Task instructions
Starting with the line that has "Child to parent" in the records below and ending with the line that has "Otherwise we're going", output those lines exactly and nothing more; omit the pictures.

Records provided
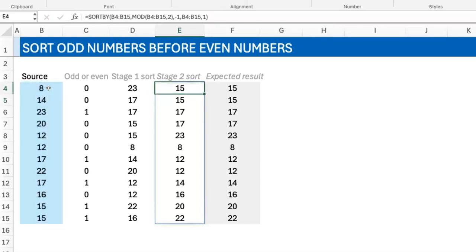So that's how you sort odd numbers and even numbers—two distinct groups. Odd numbers first, then even numbers, and each of them is sorted within themselves. Very easy when you know how.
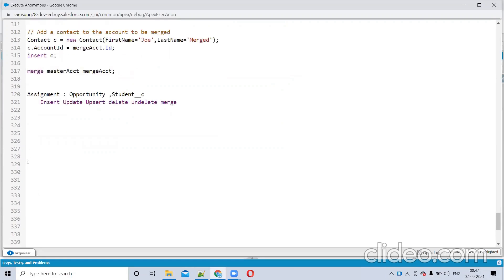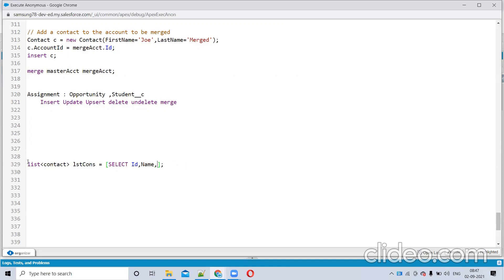Child to parent is different. So what is our requirement? I have a list of contacts — please listen everyone, this is very important. I have a list of contacts, and I did child-to-parent as well. We'll see: SELECT Id, Name, AccountId FROM Contact. So in an interview they will ask you — I need to convert this query result into a map.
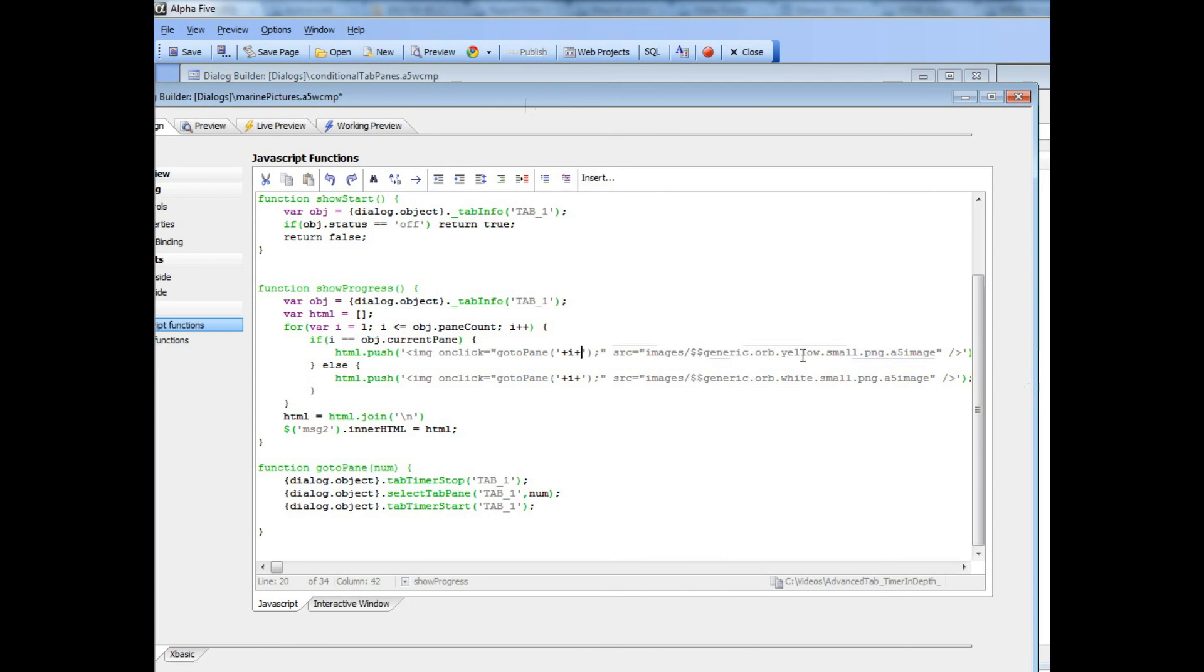Otherwise we're going to use the white icon. So this creates a whole bunch of HTML and puts it into this array over here, and this HTML of course are just image tags. So let's pause now and pick this up in the next video.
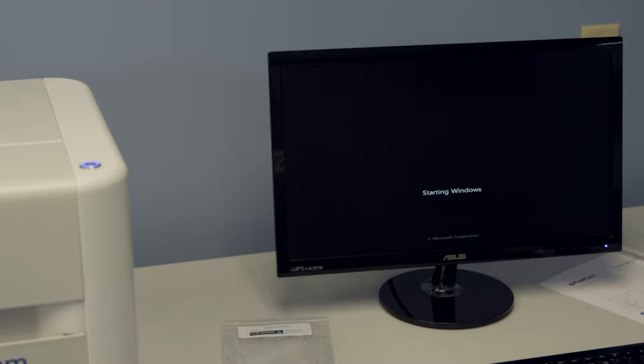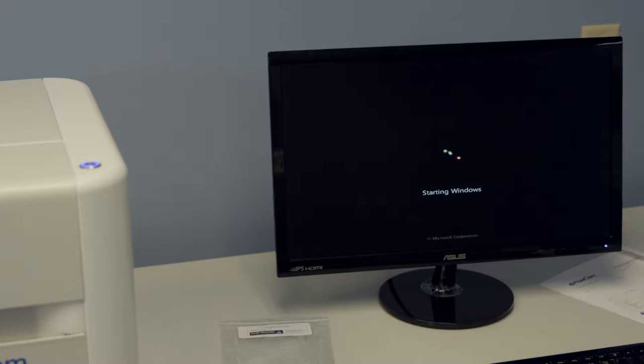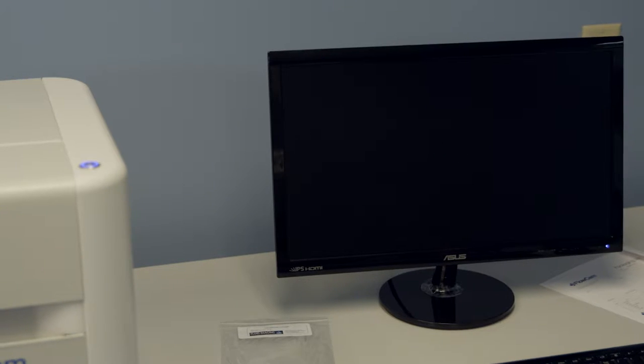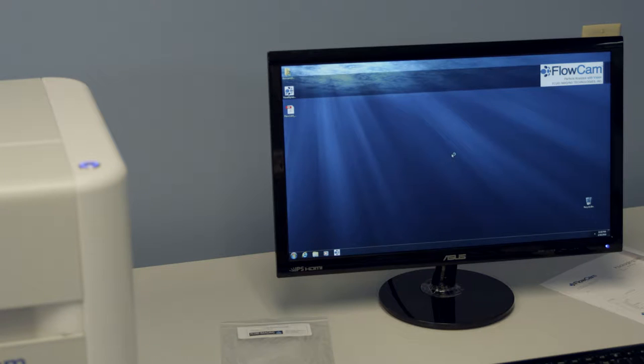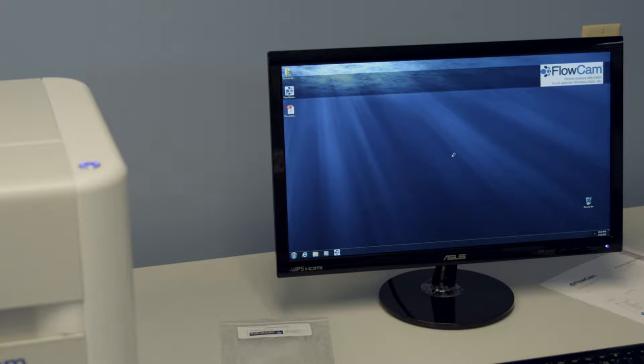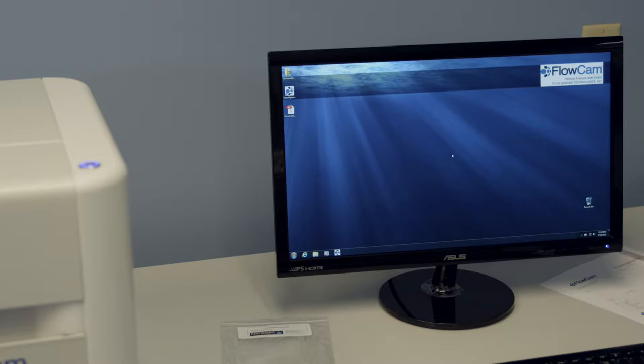After a few moments, the system will load into the Windows desktop where you will have access to the computer that is built into the 8100. Visual Spreadsheet is the program that will operate the 8100, which we will cover later on.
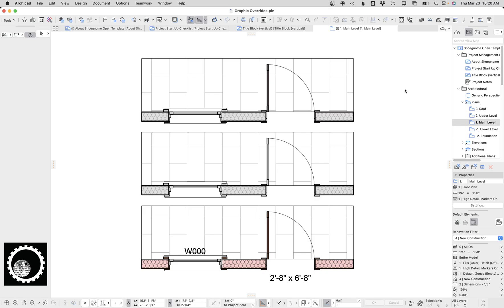Hi, this is Jared from ShoeGnome, and today I want to do a quick video on the display of doors and windows for existing elements. In my template, where I do everything in color and then set existing elements to grayscale, it exposes a weird shortcoming of the way doors and windows are scripted in ArchiCAD.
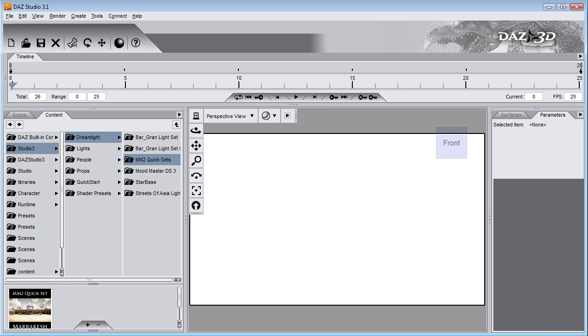Hi there, this is Waldman Belborn and welcome to this quick overview of Movie Maker 2 quicksets. I'm going to demonstrate how the Marrakesh set performs.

Response box
Child to parent is different. So what is our requirement? I have a list of contacts — please listen everyone, this is very important. I have a list of contacts, and I did child-to-parent as well. We'll see: SELECT Id, Name, AccountId FROM Contact. So in an interview they will ask you — I need to convert this query result into a map.
Otherwise we're going to use the white icon. So this creates a whole bunch of HTML and puts it into this array over here, and this HTML of course are just image tags. So let's pause now and pick this up in the next video.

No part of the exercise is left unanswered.